As far as I know the OSS projects these companies put out are in line what they use internally for day to day work and it is absolutely core to their business.
A side-project isn't by definition irrelevant, and of course by sheer probability the engineers at those companies are, on average, going to create things that are within their area of expertise which is usually related to what the company they work at does :).
The motivations for making software OSS are varied and often strategic. For example software is often open sourced to:
* deliberately commoditize it - to eliminate competition and differentiation in that area / stack layer
* leverage additional (free) testing and development.

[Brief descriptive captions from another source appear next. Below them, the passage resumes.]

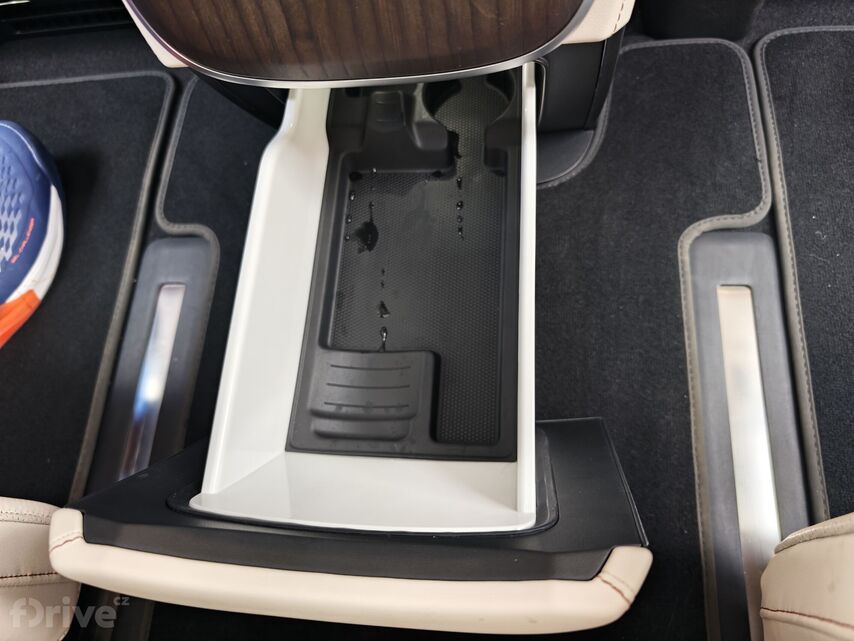 Mercedes-Benz VLE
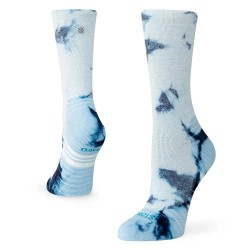чорапи,мъжки,чорапи,stance,dye,wool,mid,crew,socks,blue,(ice,blue)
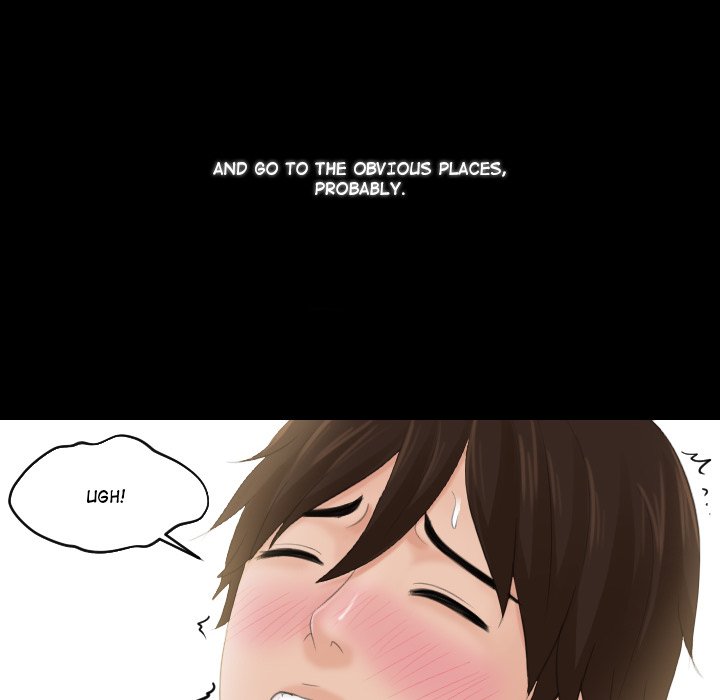 My Love Companion - episode 1 - 9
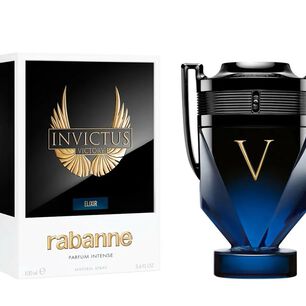 Invictus Victory Elixir 100 Ml Edp Intense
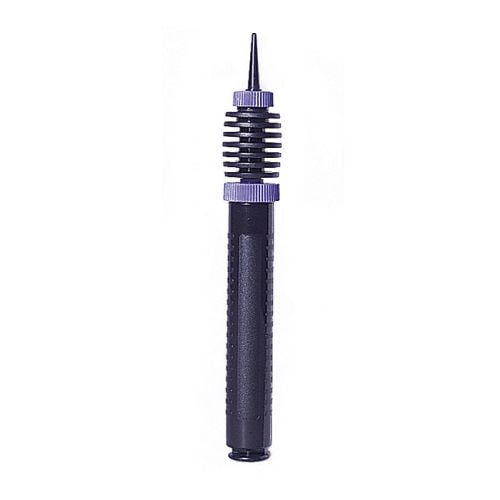 Burton & Burton Inf Qualatex Pocket Pump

* Drive ecosystem / platform adoption
* Literally free up customer budgets to be spent with them, rather than on licensing 3rd party software
* Intangible benefits like community image, employee satisfaction, etc.

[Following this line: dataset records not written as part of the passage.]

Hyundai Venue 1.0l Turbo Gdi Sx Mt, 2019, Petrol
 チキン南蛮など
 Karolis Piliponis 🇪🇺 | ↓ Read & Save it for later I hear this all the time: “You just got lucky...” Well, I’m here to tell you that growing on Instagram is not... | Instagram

* Some combination of above when the software is useful internally, but simply not in a market that the company wants to compete in, or a market worth their time
In any case, the point was that they are "side-projects" from a business perspective in that they cost money but don't generate revenue - the benefits are hard to quantify. Successful, stable companies have much more breathing room for strategic and the "hard to quantify" ROIs than does a company on a trajectory towards bankruptcy. It is kind of like an individual out-of-work engineer with a month's expenses left in the bank choosing to contribute to OSS instead of seeking out paid work. It is not that contributing to OSS is wrong, it is that the priorities in that situation are backwards.
RE: "Nobody is forcing Uber to employ people in California." That is entirely true, but I'm not sure what your point is. My comment is a post-mortem on what led to the layoffs. It is a priori that nobody has forced Uber to do anything that it did...
You are assuming that these companies are letting engineers to do side-projects that are unrelated to their day to day work?
As far as I know the OSS projects these companies put out are in line what they use internally for day to day work and it is absolutely core to their business.
Examples:
- Amazon: https://firecracker-microvm.github.io - Google: https://github.com/google/guava - Microsoft: https://github.com/microsoft/vscode - Apple: https://github.com/apple/foundationdb
Am I missing the point? Are OSS projects from these companies that are side-projects?
While on the subject, I am not sure about Uber's contribution to OSS. Their projects tend to be outside of my purview.
>> Paying lavish SF engineer salaries to generate cool, but not revenue generating, software
Nobody is forcing Uber to employ people in California.